Google translates between about 109 languages in text, images and more. The Google Translate app has saved many travelers from being lost due to the lack of knowledge of a language. It has mainly 3 ways of recognizing languages, being typed text, image and written text (on a drawing pad of a sort). Many users use Google Translate because of its ability to recognize text and image and written form, unlike some other translating apps.

It has good learnability (interface is kept simple, icons are recognizable, and there is a tutorial on how to navigate through the app. It also has good memorability which come from its minimalist interface and recognizable icons and accessibility, through its numerous language availabilities, its existence both on app and desktop, ability to recognize language, ability to recognize language in 3 different forms etc. Its efficiency, however, could be improved.

When translating from a photograph taken through the app (camera), the app tends to translate the whole photo, mark off word by word.

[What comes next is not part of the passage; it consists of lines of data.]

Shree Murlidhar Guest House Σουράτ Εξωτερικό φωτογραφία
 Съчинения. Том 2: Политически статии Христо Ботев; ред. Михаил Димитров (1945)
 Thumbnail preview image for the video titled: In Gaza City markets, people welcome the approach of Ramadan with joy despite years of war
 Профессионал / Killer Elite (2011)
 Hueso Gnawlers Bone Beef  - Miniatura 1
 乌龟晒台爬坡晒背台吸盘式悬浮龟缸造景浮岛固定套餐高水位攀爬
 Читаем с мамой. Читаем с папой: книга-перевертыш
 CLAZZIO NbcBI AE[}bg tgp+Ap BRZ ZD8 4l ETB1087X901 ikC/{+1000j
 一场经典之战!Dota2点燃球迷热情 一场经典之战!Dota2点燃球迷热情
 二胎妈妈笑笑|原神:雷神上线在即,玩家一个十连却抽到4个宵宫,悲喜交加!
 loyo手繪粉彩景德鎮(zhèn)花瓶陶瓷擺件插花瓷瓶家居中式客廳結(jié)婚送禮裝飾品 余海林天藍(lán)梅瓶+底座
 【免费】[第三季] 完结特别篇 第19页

Once a phrase or word is clicked so that its pronunciation is visible, it moves onto the translating page. When the user presses ‘back’ to go back to the image, the app loops back to the very first home page and not go back to the photo. Oftentimes this results in having to take a photo of the same page again several times, which takes up more time and battery life, and is unnecessary when translating several words from the same image.

Google translate identifies the different words or phrases that were identified in the photo
Once a word is selected, the translation will appear, but not how the word or phrase is pronounced in the original language
Now we get more details about the particular word (how it is said in its original language and how it is said in the translated language)
Once the back button his hit, however, we are led back to the first main page of the app, not the photograph. This is a problem when there are so many more words to be translated in the same image that was taken!

This could have been implemented with the thought that most users would only have to translate one word at a time (ex. travelers trying to figure out what a particular store sells) which would not require going back to the image several times. Another reason behind this decision could be the assumption that the person does not need to know the pronunciation of what is being translated, or that most languages are phonetic and do not require such help. However, in the cases of non-phonetic languages (like Chinese or Japanese Kanji that uses Chinese characters), this is not the case.

There are many times when whole pages have to be translated through image. This includes when the user is translating books, magazines, newspaper articles, restaurant menus, instructions on a manual etc. There are also times when people need to know how to say a certain phrase or a word, not just its translation (especially when using this tool to help learn a language). Looping back to the image and the results of the image rather than the very first page for translation once the back button is hit could be a good solution to this particular problem. Going back to the beginning page could be done by pressing the back button twice, or through a small icon that refers straight back to the ‘home’ page.

Another possible design change could be to have the phonetics show in the small pop-up window. This would reduce the need for users to go to the extended translating page unless it was for extended amounts of text. However, it is important to note that these design decisions are catered to two users in particular: users who need to translate certain words in larger bodies of text, and users who are translating languages with a non-phonetic written language.

--

--